The detector we buried under the ground appears to be still working the same - we had nothing else running for a week to ensure it was not picking up the signal from one of the other receivers, so now we have reconnected the 1420MHz receiver for comparison. Next we will leave a second unit there also for comparison, once the second unit is adjusted to give the same level output we will then move that one off site to compare the readings in different locations - hence ruling out local interference.

We will be going up there this Sunday.

1st September 2006
Hi everyone,

we will be at Chittering at the normal time this Sunday.

As for our "magic" detector that i described last time, we have various tests still to do, but right now the emphasis is on filtering out electromagnetic, the reason is we were expecting this to be a "gravity" detector ... but it turns out to look similar to the "galactic" background noise as modulated by the influence of the sun.

The one at chittering is now buried nearly a metre underground, enclosed in a small aluminium box, which is wrapped in approx 2cm (10kg) of lead sheet , then enclosed in a 10cm diameter steel cylinder sealed at both ends, with double shielded cable bringing the signal a distance of less than 3m to the recorder.

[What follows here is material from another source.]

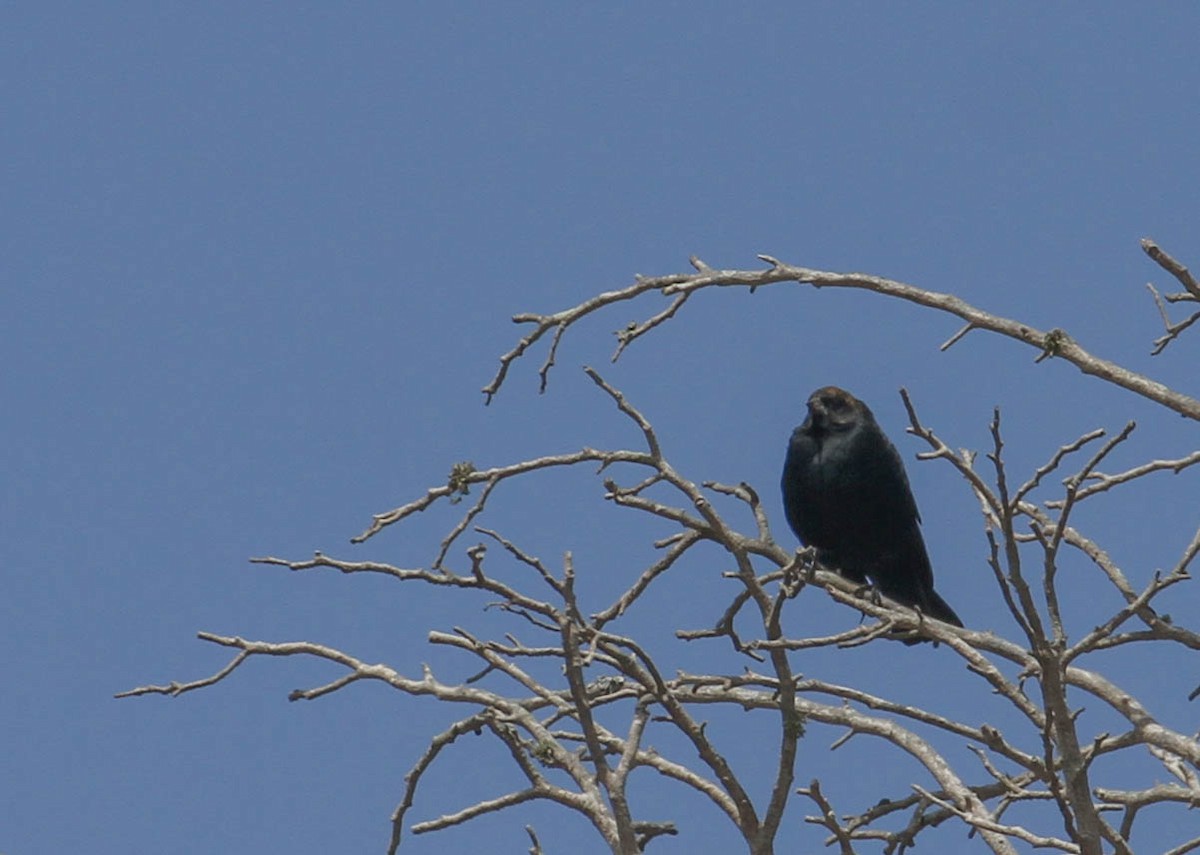 Brown-headed Cowbird - ML116730311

The 1420MHz recorder is currently off so as to eliminate any possibility of cross-talk at the recording stage. When we left last Sunday afternoon it appeared to be still working - we'll find out when we get back there.

18th August 2006
Hi all,

the "busy bee" went well last time - we not only moved both sheds, but laid some concrete slabs and put the roof on the veranda - thanks to all involved.

We will be back there this Sunday (~10am to 4pm) hopefully we'll get some astronomy done too.

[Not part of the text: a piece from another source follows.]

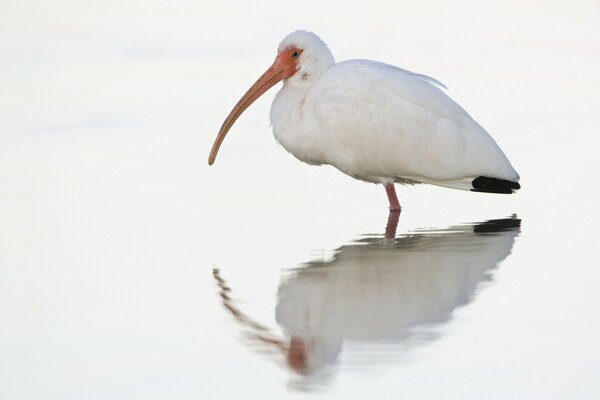 A lonely bird standing on one leg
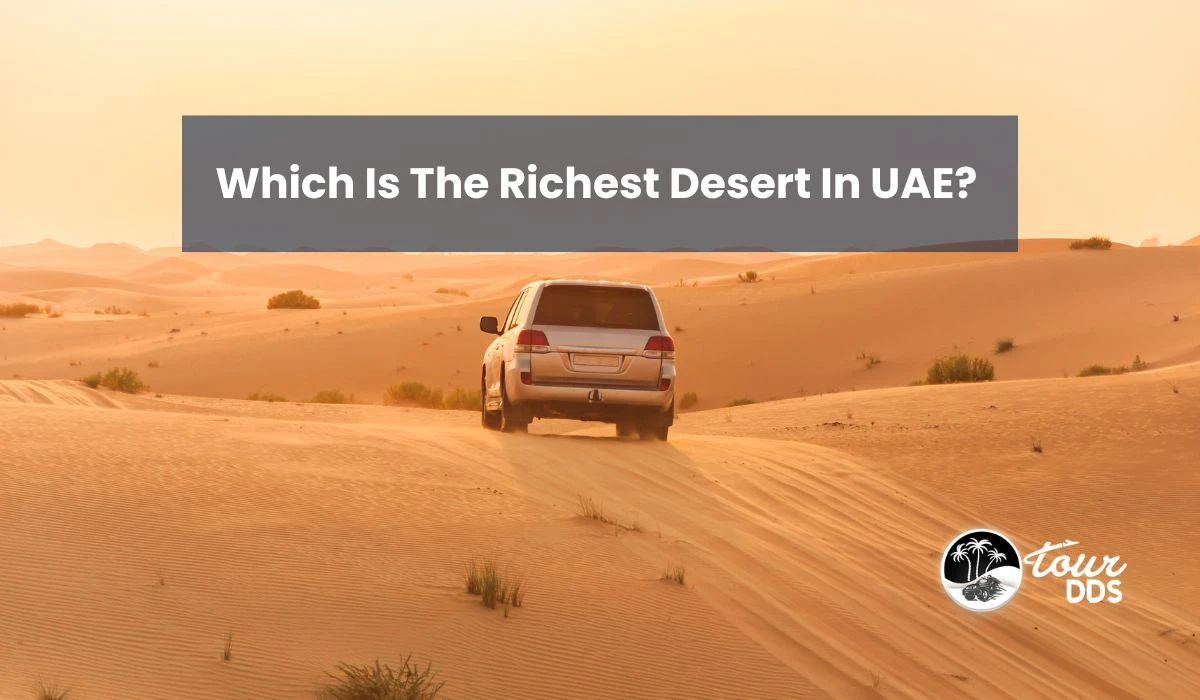 Which Is The Richest Desert In UAE?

There's an interesting little experiment running at the moment ... obviously to view a small source you need the large dish, a quiet receiver, and lots of gain, but other work can be done with very inexpensive equipment.

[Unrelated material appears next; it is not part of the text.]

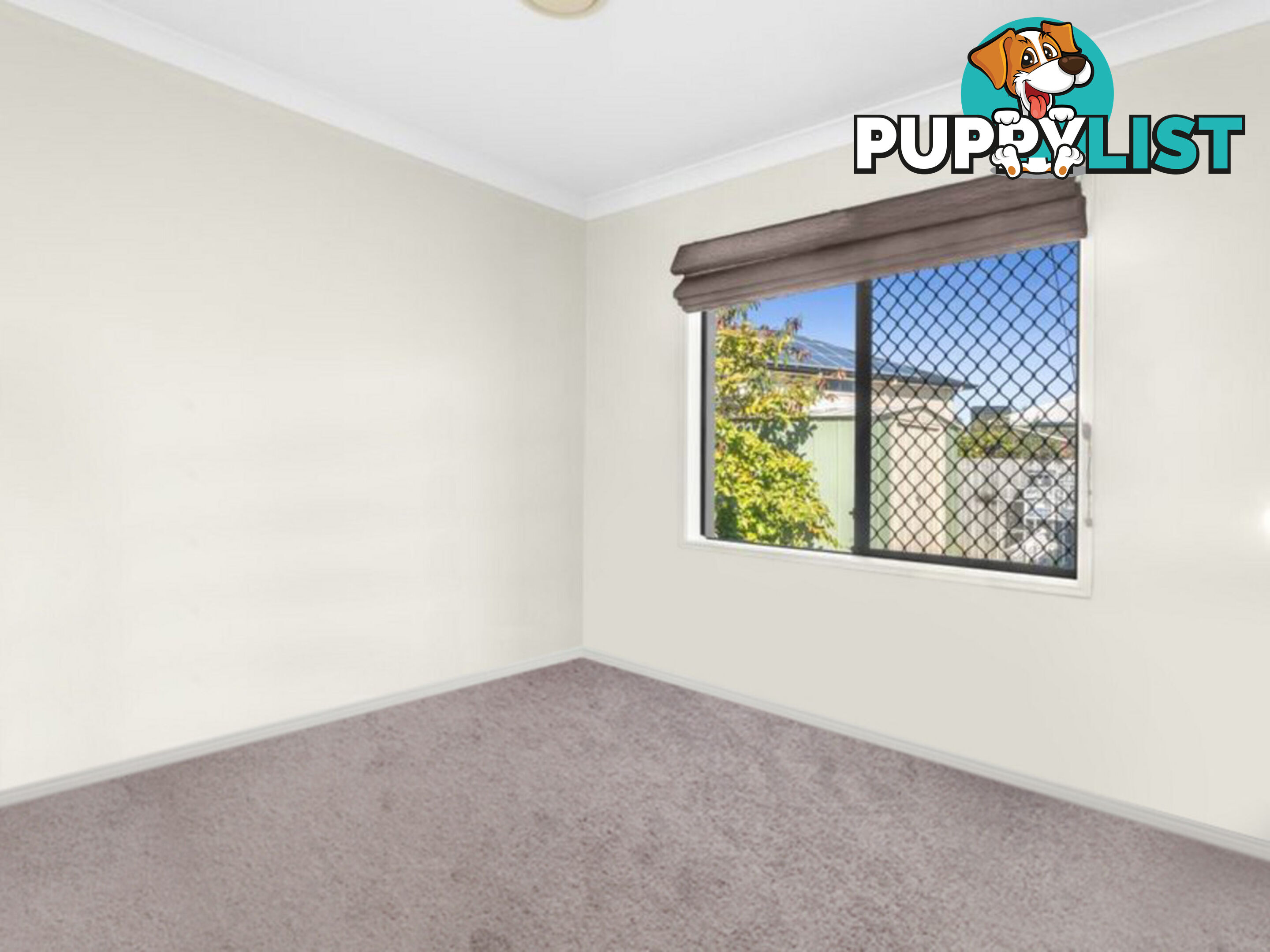 7 Pincally Crescent ORMEAU QLD 4208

The sun is a strong radio source so to observe it or it's effect on the ionosphere we had to turn the receiver gain down as low as it would go, we then got a distinctive trace over 24hr. Although there are variations from day to day, pointing away from the sun the overall pattern is higher and more active at night, lower during the day, with the minimum being around dawn. By using the same receiver but with a smaller pre-amp and just a dipole on the roof we were able to achieve the same result by turning up the gain a little and doing away with the need for the large dish.

Now for the really cheap version ... we have basically a detector with a load on it, lots and lots of gain but no antenna!! - Sounds a bit weird but the original idea was to seal it in an earthed metal box to screen out ALL electromagnetic radiation and see if it was still effected by anything (eg gravity). Turns out that the trace follows the same pattern as the dipole on the roof - which we didn't expect. Now due to the large gain the obvious answer is that it's just noise or temperature instability - i wont detail here all the checks/precautions we've done, but there is no correlation with temperature and you'd expect internal component noise to be steady or random or follow some pattern - but this follows the same pattern as the sun!?

Possibly there is still some E-M leaking in - but in that case we've just created a very cheap sensitive receiver, (which is a good thing), or there is some other explanation we haven't found yet - either way it's interesting. What we plan to do on Sunday is isolate it further by enclosing the metal case inside lead sheeting, digging a hole and burying the whole thing. At least it will give us another data point.


4th August 2006
Hello all,

further to my last message, please see email from Keith below (thanks Graeme for the extra info)


Hi All,

There will be a sausage sizzle at Golden Grove this Sunday 6th August, following the busy bee.

The busy bee will start at 10am. The aim is to relocate the shed onto the new pad area.

The workers will be treated to a sausage sizzle following the busy bee.

The latest newsletter is now on the BTOW website.

Keith Williams
Binocular Telescope and Optical World (BTOW)

Unit 5 / Malaga Centro
41 Holder Way (Corner Malaga Drive)
Tel: (08) 9249 6825

3rd August 2006
Hi all,

work has been progressing at GGO ... just a quick note to let you know we will be there again this Sunday, when amongst other things we plan to move the storage shed to allow more room for the viewing platform.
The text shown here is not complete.